A Virtual Step-a-Thon Fundraiser


November 4, 2020

Campus ministers have a plethora of responsibilities, including being spiritual director, Bible study leader, head dietician and overall administrator, not to mention being the chief fundraiser.

COVID-19 complicated the landscape of campus ministry along with the component of raising funds for these ministries. Social distancing and virtual gatherings have presented Wesley Foundations/Campus ministries with what can be viewed as fundraising challenges or creative opportunities.

Months ago, Rev. Tabitha Rankin, director of the Wesley House at Tyler Junior College contacted me about funding issues. Wesley House is committed to the spiritual, personal, and professional development of students, but the pandemic was complicating their ministry and fundraising efforts. Her concerns ranged from worrying about potential shortfalls to planning a virtual fundraising event. That’s when I had the idea to encourage Tabitha to try a virtual step-a-thon.

Yes, a virtual step-a-thon! Initially, it was difficult for Tabitha to comprehend such an event, but with a bit of conversation and creative brainstorming, we developed an effective plan.

Today, many individuals wear smartwatches and pedometers to keep track of their daily steps, so she leveraged that trend and set a lofty financial goal for her fundraiser. Then she developed a catchy theme to make the event interesting and fun - Help Us Step into Our Future.

The financial goal was set and converted based on a nickel per step; then, a strategic timeline followed. It was simple, 20 steps equal a dollar. Tabitha shared the concept with her board, DS, and other supporters to get a sense of whether people would embrace this virtual fundraiser. They loved the idea and wanted to pursue it.

That’s when the real work began.


Planning and promoting a fundraising event like this one, meant Tabitha needed individuals who were willing to serve, share their talents, and manage a timeline. I recommended that she select two chairs for the event, one board member and one student. Then Tabitha asked each board member to create a list of 10 or more potential virtual step-a-thon steppers that they would personally invite to participate.

She also engaged students with promotional video clips, social media posts, and other communications. Once she had effectively engaged students, she invited area clergy, congregants, and specialized groups like the UMW to participate and promote the event, thereby securing their support for the campus ministry.

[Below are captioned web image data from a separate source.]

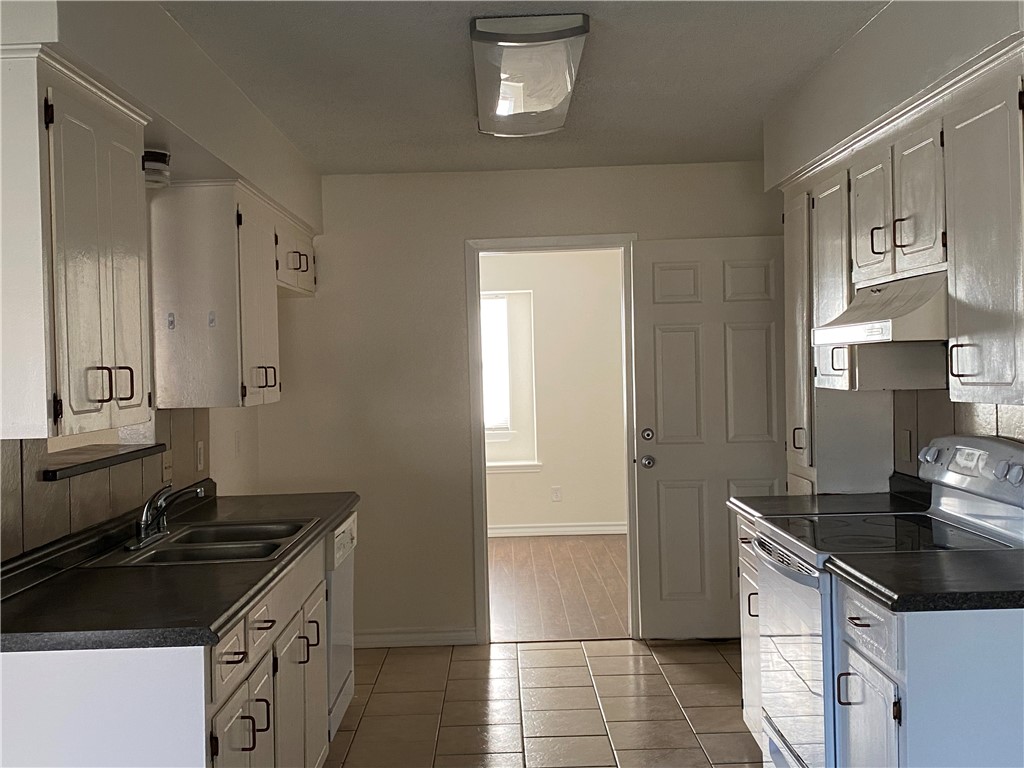 2204 Matagorda Dr Property Photo 4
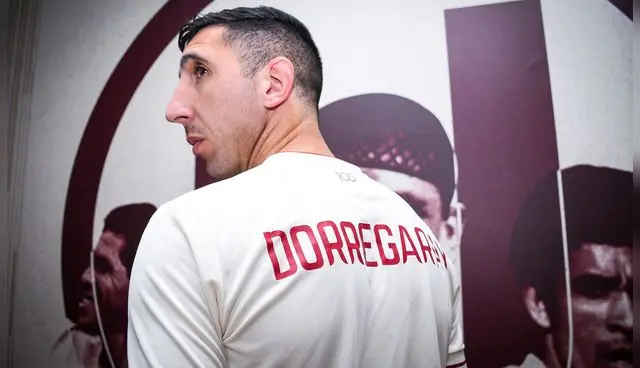 Diego Dorregaray juega de la posición de '9'.   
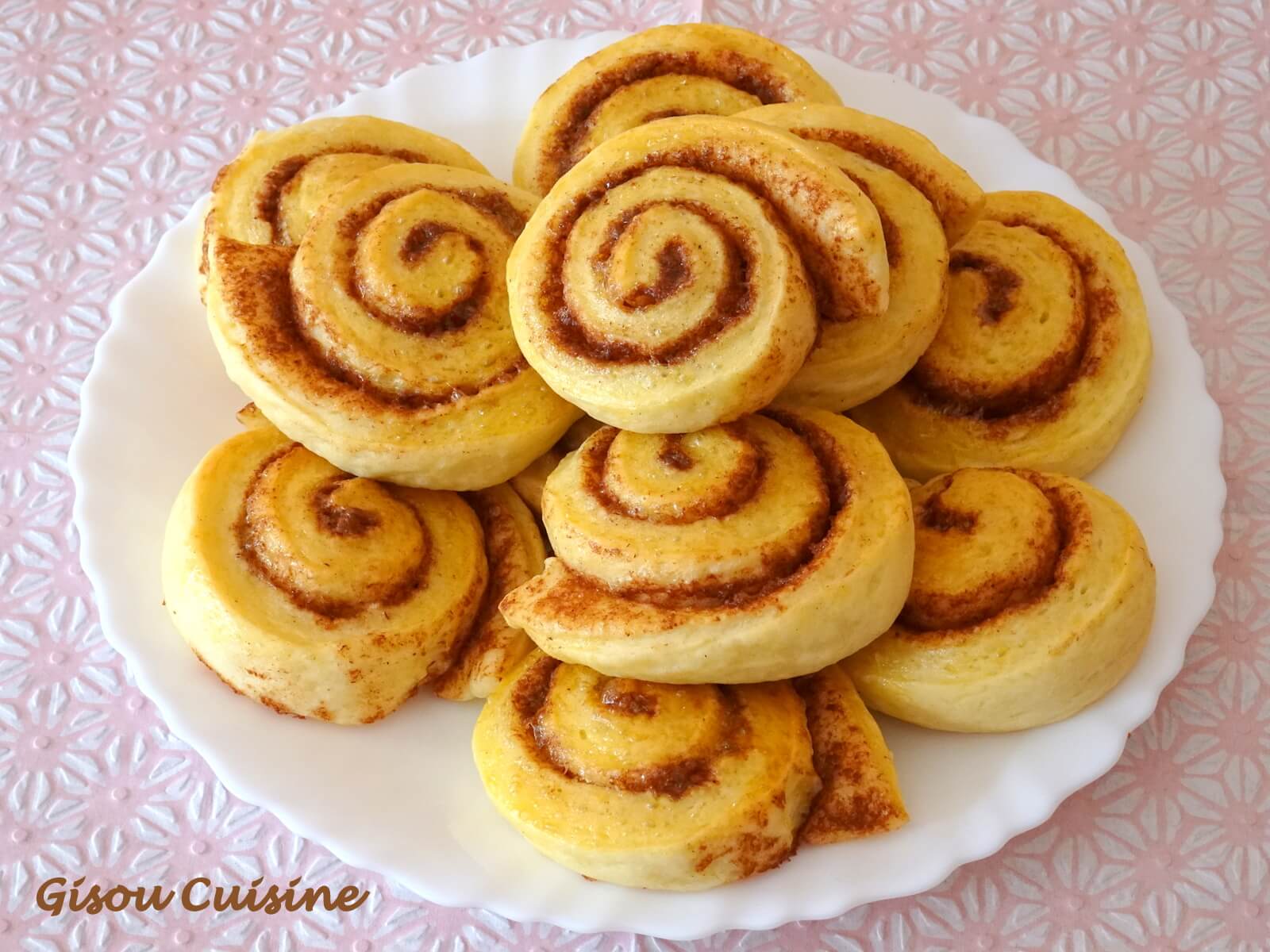 brioches roulées à la cannelle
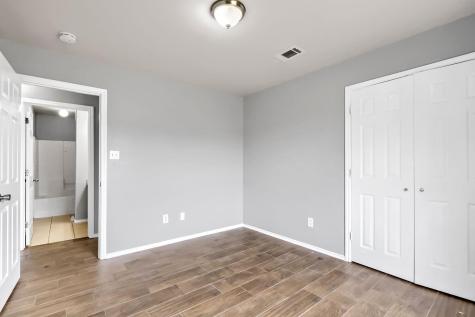 805 Debra Drive Taylor TX 76574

After all of their work, Wesley House’s Help Us Step into Our Future campaign was a huge success! With Tabitha’s creative energy and innovative spirit, she was able to transition a common fundraising idea into a virtual one to help fund her ministry. Her initial conversation with me sparked an idea that multiplied results and I was able to encourage her along the way. These are the types of conversations we love to have at TMF, because they make a tangible difference to ministry leaders.

If you would like to have a conversation about generosity with me or any of the TMF Area Representatives during these challenging times, we would love to hear from you, and if you think you could tweak this fundraising idea for your own ministry, feel free to use the attached timeline as a guide.

Suggested Step-a-Thon Timeline:

Planning Phase 1:
Select a chair or chairs to serve as volunteers who will organize and plan this event. Develop an event plan and a fundraising plan. Recruit other volunteers.

Planning Phase 2:
Determine messaging and theme/title for your event. Create communication materials that you will need to promote your event and that will convey what this fundraising event will help your ministry achieve. Develop an easy registration method for participation and make sure individuals can easily make a donation.

Planning Phase 3:
Ask board members and volunteers to make a list of 10 individuals they will personally invite to participate. Implement event and fundraising plan.

Week 1:
Make personal contact to pastors regarding the event and secure congregational support.

Week 2:
Announce Step-a-Thon via email, Facebook, Instagram or other social media platforms that will reach your audience. Use communication methods they will find engaging, such as video or images.

Week 3:
Send personal invitations using the best communication methods for your audience. Use announcement video or images, so you have a cohesive message. Make sure you include your registration and donation information in these personal invitations.

Week 4:
Invitations continue. Post a video clip encouraging online registration, pledges, and donations.

Week 5:
Invite and promote registration numbers on social media. Director and board make personal calls.

Week 6:
Registration update on social media.

Week 7:
Registration update on social media and email. Send personal Step-a-Thon thank you and special token to registrants.

Week 8:
Continue sending a personal Step-a-Thon thank you and special token to registrants.

Week 9:

Week 10:
Step-a-Thon Wrap-up Activities. Make sure you have personally thanked all participants and donors. Share your total fundraising numbers and participation numbers. Remind participants and donors what these funds will allow your ministry to achieve.

Week 11:
Step-a-Thon Wrap-up Activities and evaluation.